An autoimmune neuromuscular disorder that is characterized by fatigue and exhaustion of muscles. Abbreviated MG. MG is caused by a mistaken immune response to the body’s own nicotinic acetylcholine receptors, which are found in junctions between muscles and the nervous system. The body produces antibodies that attack these receptors, preventing signals from reaching the muscles. A number of treatments are available that help, including steroids and other immunosuppressive medications and anticholinergic medications.
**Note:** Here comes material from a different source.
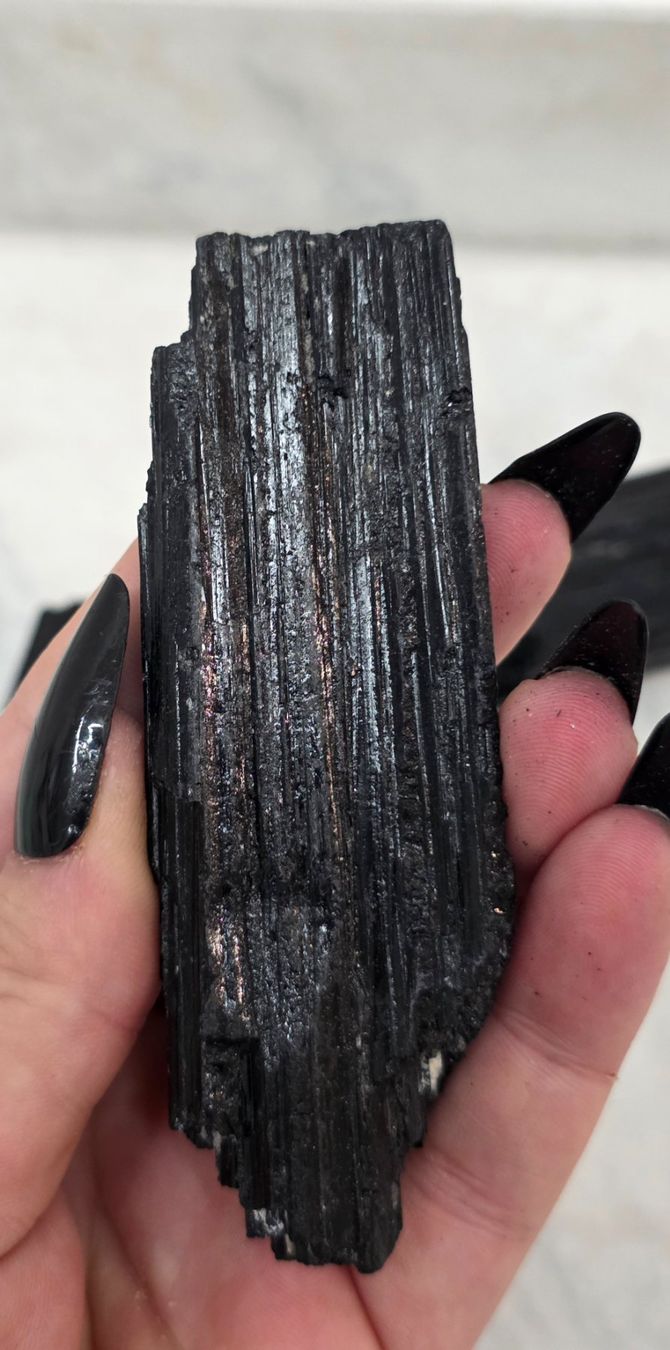 Minerali & Pietre curative: 5 schwarze Turmalin Stücke 461g – Nuovo e nell'imballaggio originale da Matzingen venduto da Shay_Crystalz 2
Myasthenia gravis is a chronic autoimmune neuromuscular disease characterized by varying degrees of weakness of the skeletal (voluntary) muscles of the body. The name myasthenia gravis, which is Latin and Greek in origin, literally means “grave muscle weakness.” With current therapies, however, most cases of myasthenia gravis are not as “grave” as the name implies. In fact, for the majority of individuals with myasthenia gravis, life expectancy is not lessened by the disorder.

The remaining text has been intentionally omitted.